Patrick knew they could leverage a programmer but hadn’t budgeted for the expense. He reached out to Daniel Trottier, Senior Director of IT Solutions, to see if there were opportunities to share a resource. From there, a partnership project was born.
By pooling resources, faculties and Information Technology now share a part-time resource to work on initiatives that can offer administrative optimizations and productivity improvements. The first initiative was to streamline pay verification.
Every month, in nearly every faculty and service, an employee devotes hours upon hours performing a manual verification of pay, many times using makeshift solutions like spreadsheets or personal databases. There were ways to streamline and automate this process; Senior Systems Manager (Faculty of Social Sciences), Sylvain Léonard, had already created a tool to bridge the pay verification gap at the Faculty of Social Sciences. Through some coordination and coding, the tool was adapted to work for all the faculties – a new Application Programming Interface (API) could feed information into this tool thereby eliminating the need for manual intervention.

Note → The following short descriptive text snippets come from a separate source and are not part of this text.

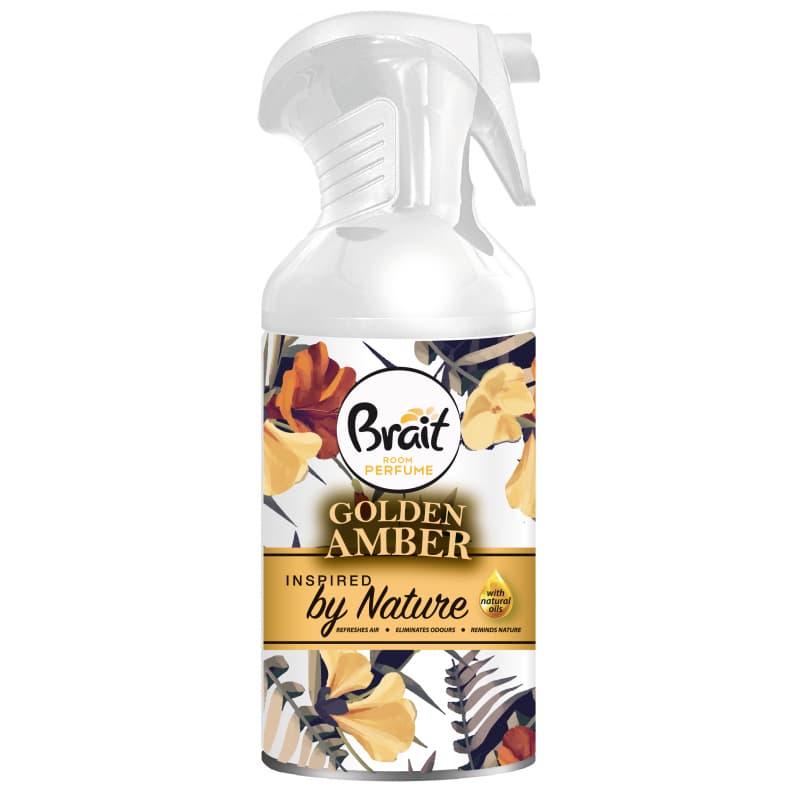 

Brait Odświeżacz powietrza GOLDEN AMBER 250ml BRAIT22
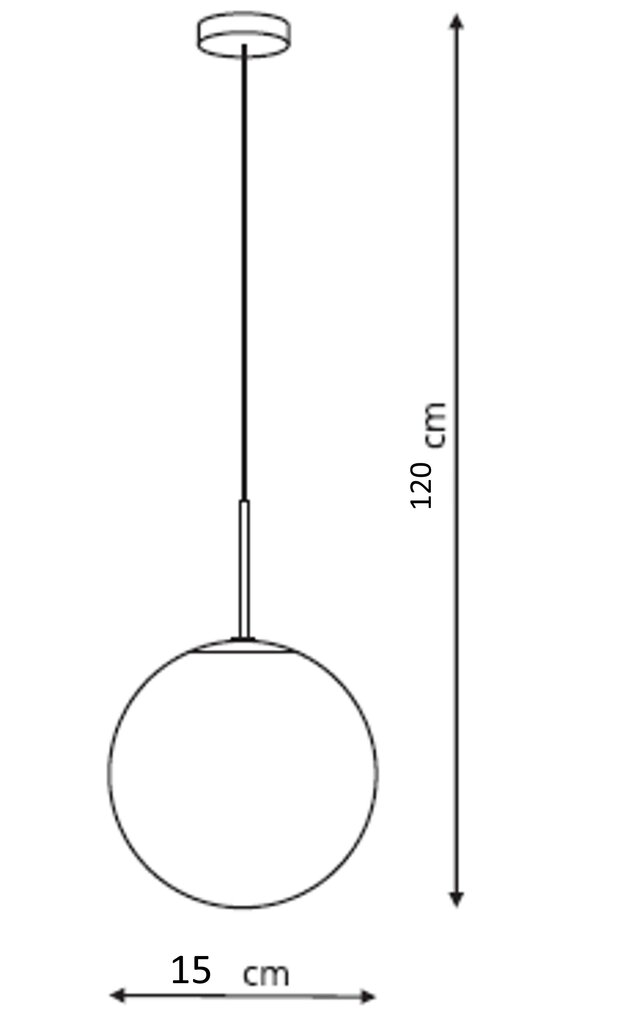 Laelamp Light Prestige Palla цена и информация | Rippvalgustid | kaup24.ee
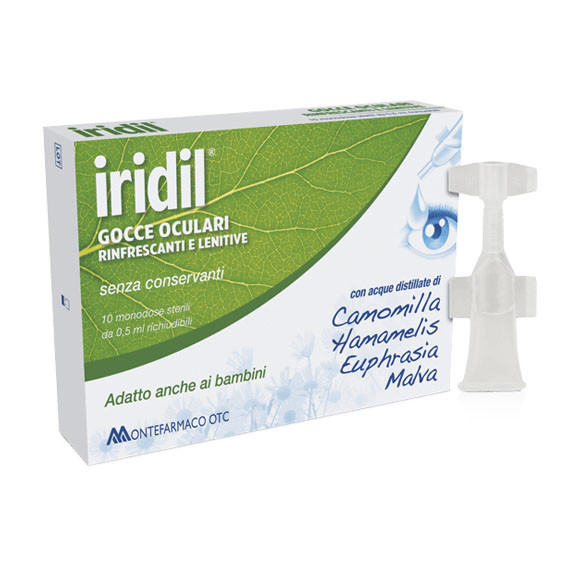 Iridil (10 x 0.5 ml)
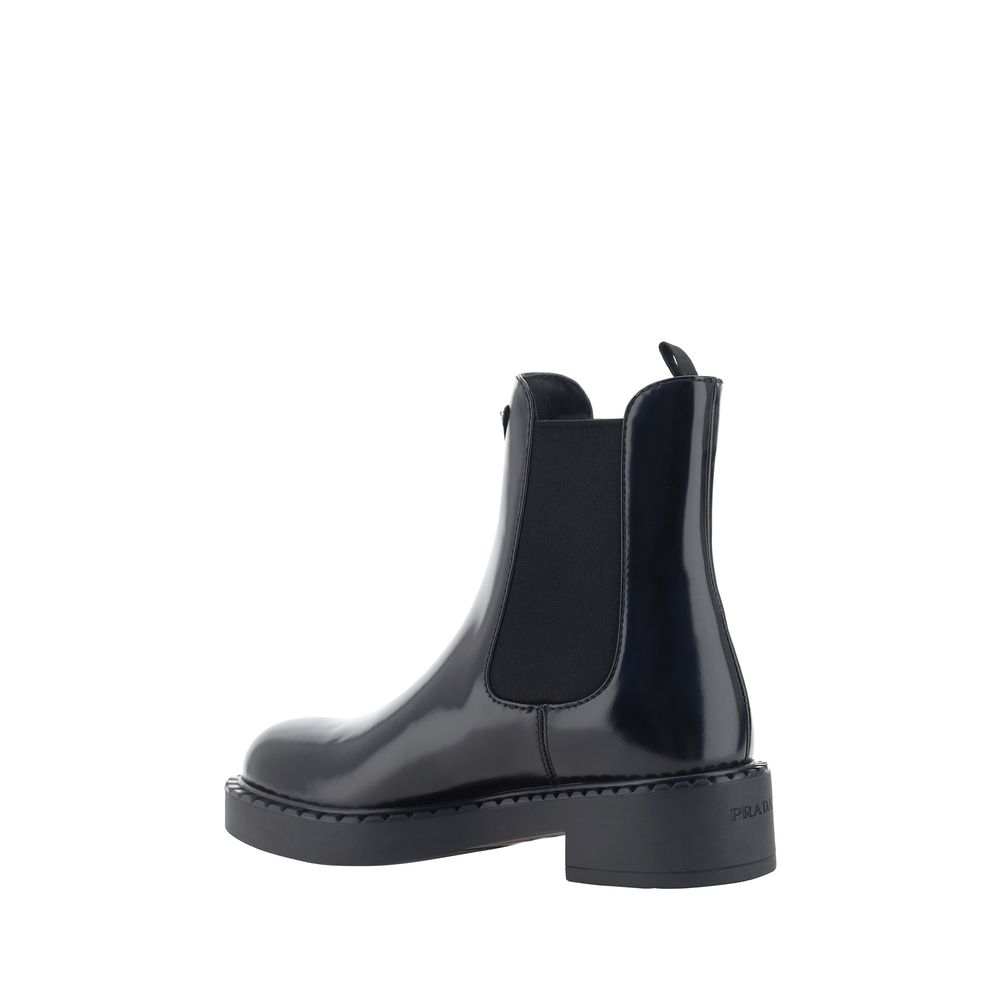 Prada Chelsea Ankle Boots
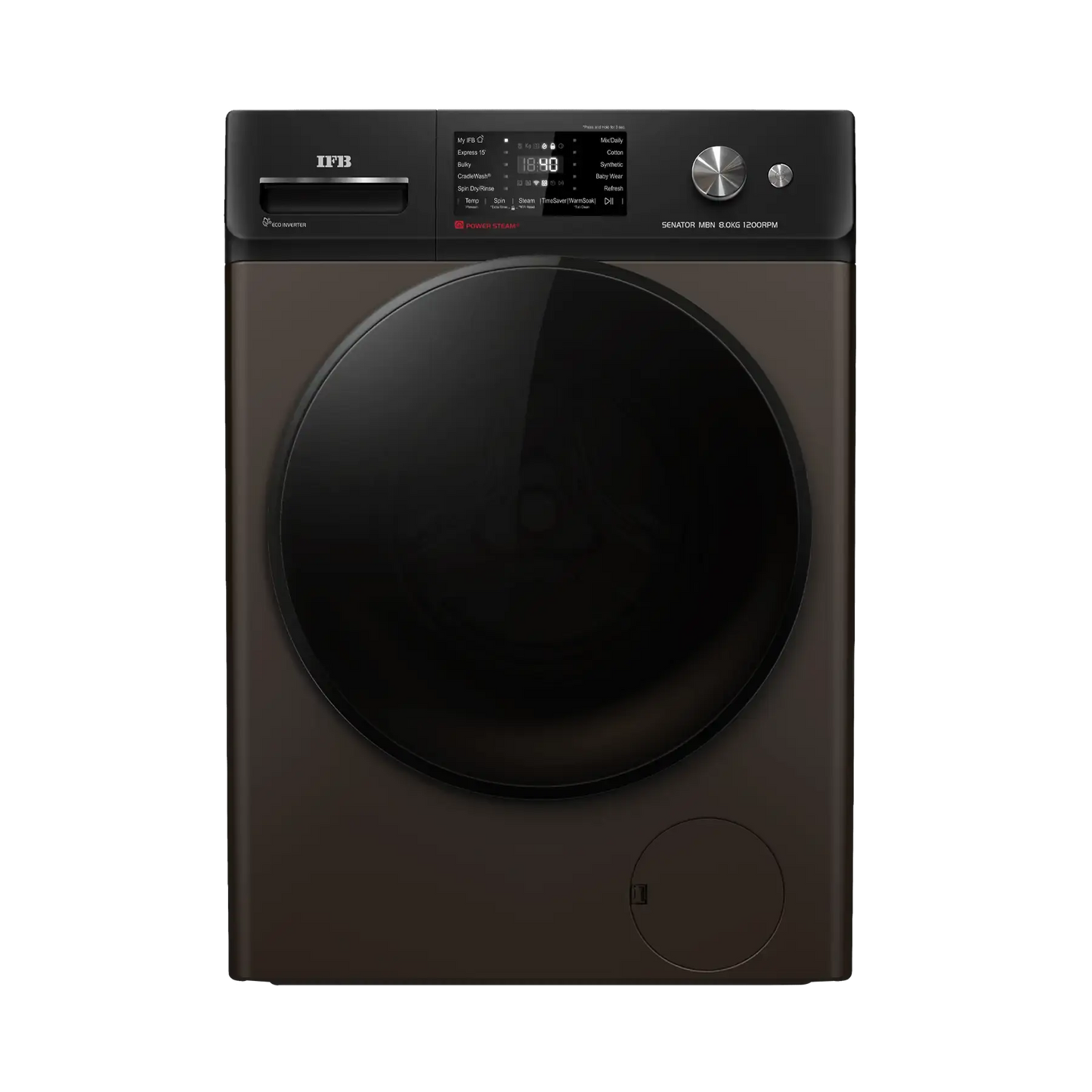 IFB 9 kg, 5 Star Front Load Washing Machine 1400 RPM | Mocha (EXECUTIVE MBN 9014K) My Store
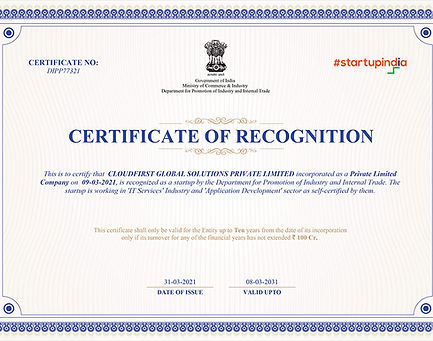 DIPP77321_CLOUDFIRST_GLOBAL_SOLUTIONS_PRIVATE_LIMITED_RECOGNITION_5327669798408735165-(1).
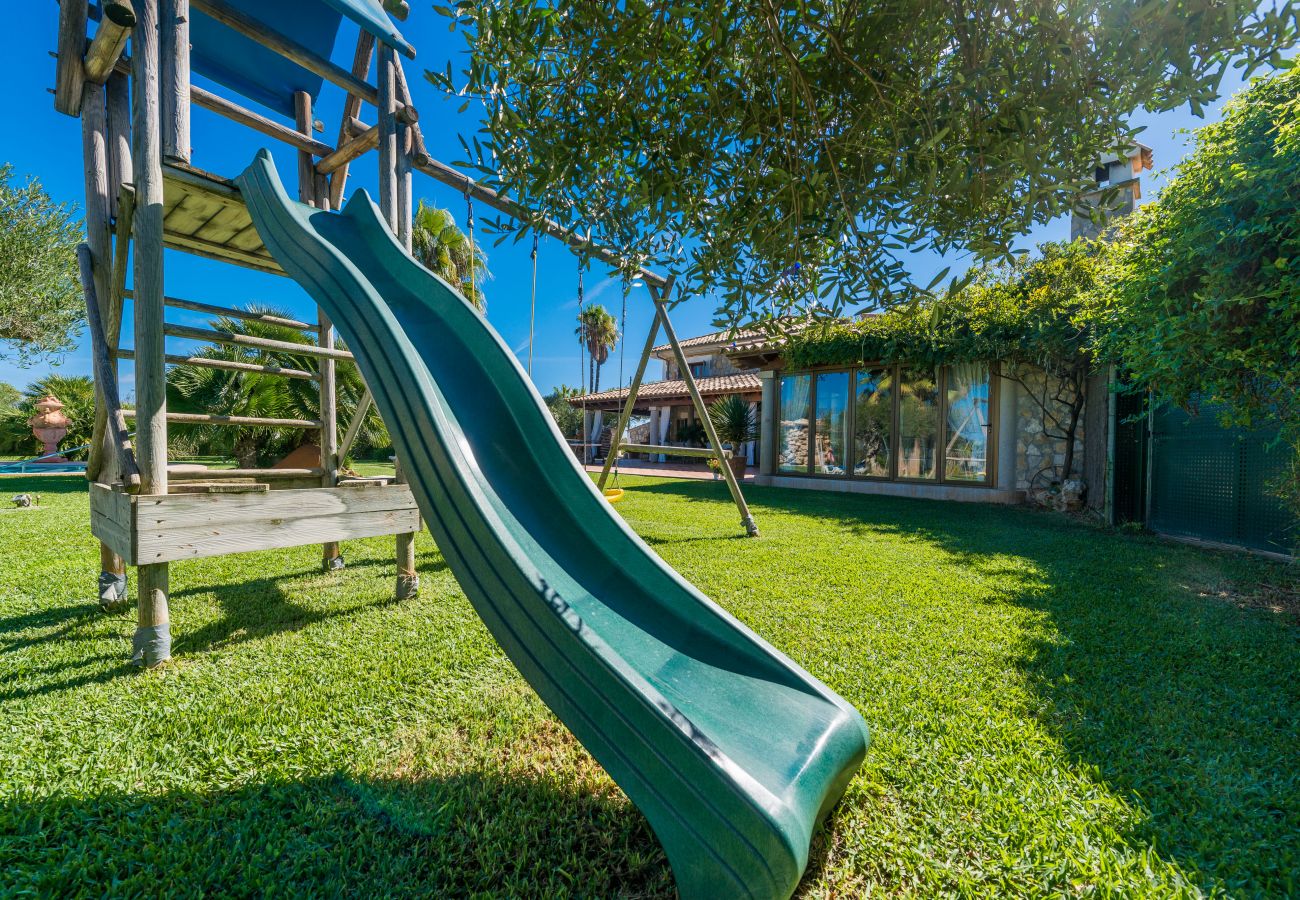 Domaine à Muro - GAMUNDI Finca pour 10 personnes avec piscine à Playas de Muro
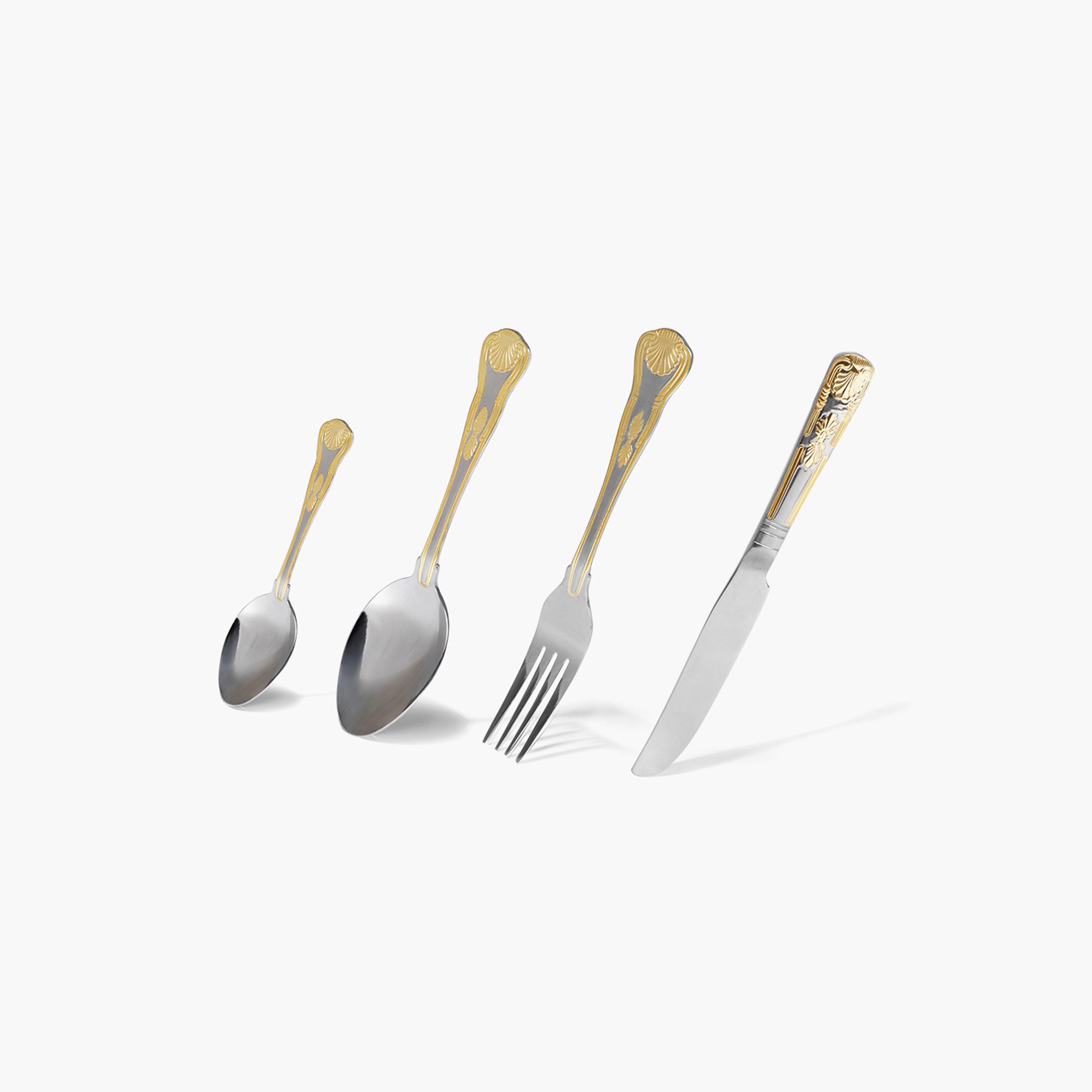 Rousse 24-Piece Cutlery Set-household-dining-dinnerware-dinnersets-image-1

In 2020, there were 24 pay periods. The manual verification of pay can take between a half- or full day for each pay period, per faculty. The equivalent of at least 120 to 240 days of manual work. Introducing productivity improvements provides operational efficiencies and improves the quality of verifications.
By working together, the IT community is delivering administrative efficiencies with greater agility. A pilot project has already begun with Telfer School of Management and the Faculty of Health Sciences, after which, the tool will be rolled out to other faculties. As the project progresses, system requirements continue to be identified and added to the requirements for the tool. The opportunities to introduce improvements abound thanks to available resources and collaboration, as Patrick explains it, “It’s an opportunity for change to challenge the status quo.”